Task —
Please transcribe the data below in full, word for word, without the images.

(Captioned web image data)

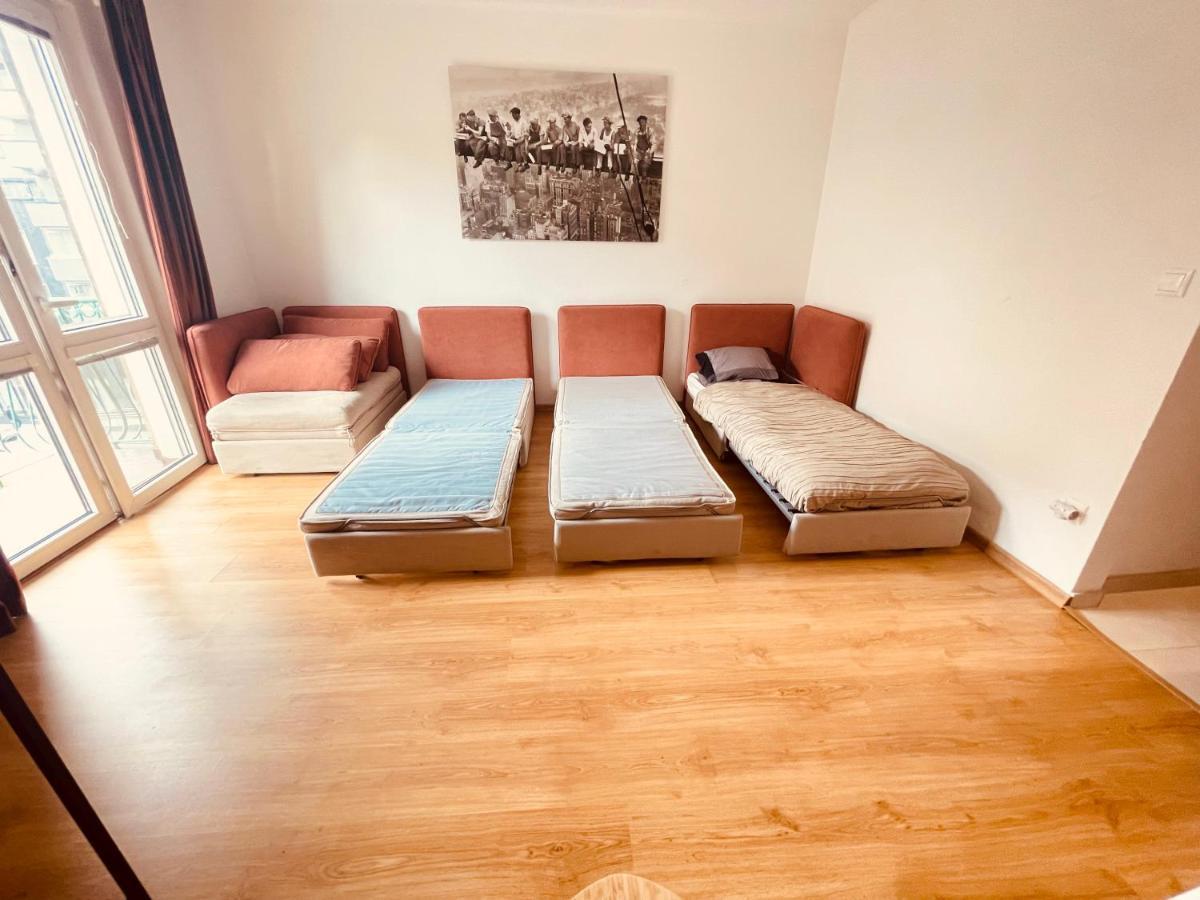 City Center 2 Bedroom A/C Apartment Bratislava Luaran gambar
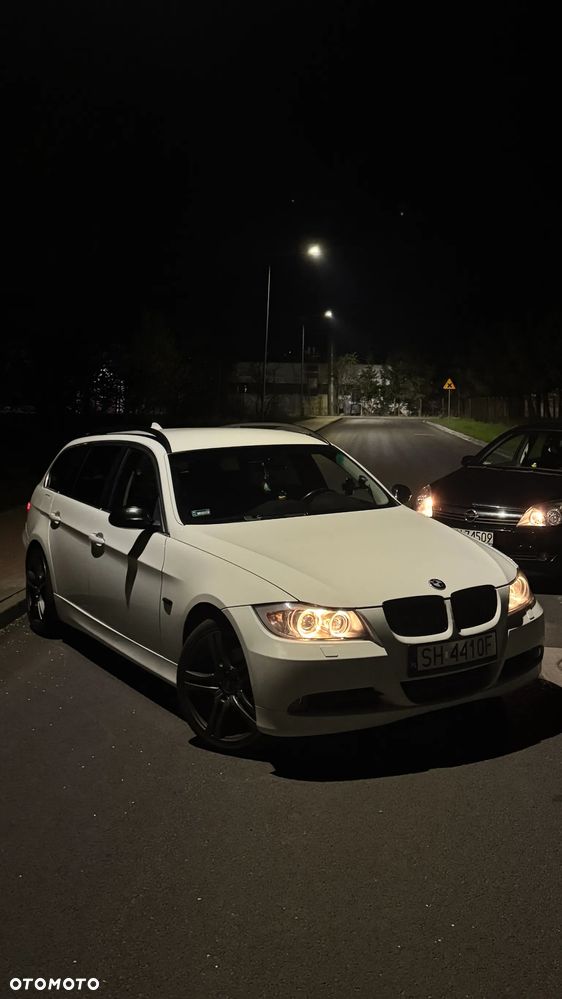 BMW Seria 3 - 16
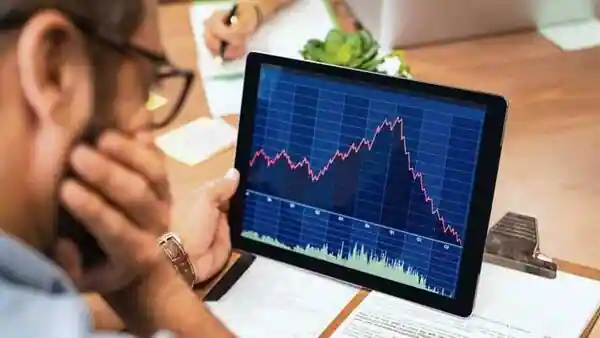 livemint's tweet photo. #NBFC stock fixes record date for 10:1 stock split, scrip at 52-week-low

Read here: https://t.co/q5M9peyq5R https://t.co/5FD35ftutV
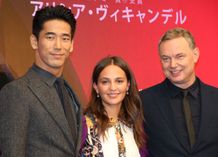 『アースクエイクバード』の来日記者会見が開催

Solved problem —
 City Center 2 Bedroom A/C Apartment Bratislava Luaran gambar
 BMW Seria 3 - 16
 livemint's tweet photo. #NBFC stock fixes record date for 10:1 stock split, scrip at 52-week-low

Read here: https://t.co/q5M9peyq5R https://t.co/5FD35ftutV
 『アースクエイクバード』の来日記者会見が開催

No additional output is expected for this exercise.